Dari siniliah kemudian Purworejo berkembang menjadi sebuah kota militer kolonial atau garnizun. Garnizun secara harafiah berarti kelompok pasukan dalam jumlah besar yang menetap dalam sebuah kota atau benteng. Jadi, yang dimaksud dengan kota garnizun secara harafiah bisa diartikan sebagai sebuah kota di mana terdapat kelompok pasukan dalam jumlah besar yang menetap di kota tersebut.

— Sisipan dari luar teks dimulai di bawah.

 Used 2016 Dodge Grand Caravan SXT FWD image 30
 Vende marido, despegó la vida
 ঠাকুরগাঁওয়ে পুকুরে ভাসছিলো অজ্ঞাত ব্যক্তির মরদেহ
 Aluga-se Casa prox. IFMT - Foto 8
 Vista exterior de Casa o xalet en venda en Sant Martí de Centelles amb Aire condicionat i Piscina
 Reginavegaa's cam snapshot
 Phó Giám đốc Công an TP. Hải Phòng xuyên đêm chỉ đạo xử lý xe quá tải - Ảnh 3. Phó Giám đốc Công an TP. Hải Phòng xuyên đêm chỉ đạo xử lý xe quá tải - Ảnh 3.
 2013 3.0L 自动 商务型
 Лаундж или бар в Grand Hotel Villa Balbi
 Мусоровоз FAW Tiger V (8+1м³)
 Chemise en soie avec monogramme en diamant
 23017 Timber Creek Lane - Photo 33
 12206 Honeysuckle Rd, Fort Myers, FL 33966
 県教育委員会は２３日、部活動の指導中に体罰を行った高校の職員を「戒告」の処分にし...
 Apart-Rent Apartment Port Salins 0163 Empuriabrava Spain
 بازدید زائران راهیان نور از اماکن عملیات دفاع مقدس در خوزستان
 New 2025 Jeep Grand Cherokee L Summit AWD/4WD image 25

Dari jenis kota inilah, muncul berbagai fasilitas militer dengan simbol-simbol yang mengikutinya. Ruang-ruang kota dihubungkan dengan jalan-jalan yang memudahkan untuk saling berinteraksi bagi kepentingan militer yang kemudian juga untuk memudahkan aktivitas ekonomi. Spasial inti menjadi peneguh kekuasaan kolonial pada waktu itu, yang di dalamnya terdapat berbagai fasilitas pemerintah dengan segala perangkat bangunan pendukungnya (Musadad, 2001). Di samping bangunan tersebut terdapat permukiman masyarakat Eropa, kantor-kantor pemerintah, fasilitas pendidikan yang dikelola oleh orang Eropa, rumah sakit, sarana peribadatan mereka, dan kompleks pemakaman.
Pemakaman Belanda di Jawa dikenal dengan sebutan kerkop. Kata tersebut berasal dari bahasa Belanda kerkhof. Secara harafiah, kerk berarti gereja dan hof berarti taman. Istilah tersebut awalnya digunakan untuk pemakaman yang berada di halaman gereja. Kemudian melebar ke luar gereja yang secara umum dapat diartikan sebagai makam atau pekuburan. Termasuk kuburan Belanda atau orang-orang Eropa yang bermukin di Purworejo kala itu dikenal dengan Kerkhof Purworejo. Makam ini terletak di Jalan Mayor Jenderal Sutoyo RT. 03 RW. 07 Kelurahan Sindurjan, Kecamatan Purworejo, Kabupaten Purworejo, Provinsi Jawa Tengah. Makam ini berada di sebelah selatan Rutan Kelas B Purworejo atau tepatnya berada di sebelah barat RST.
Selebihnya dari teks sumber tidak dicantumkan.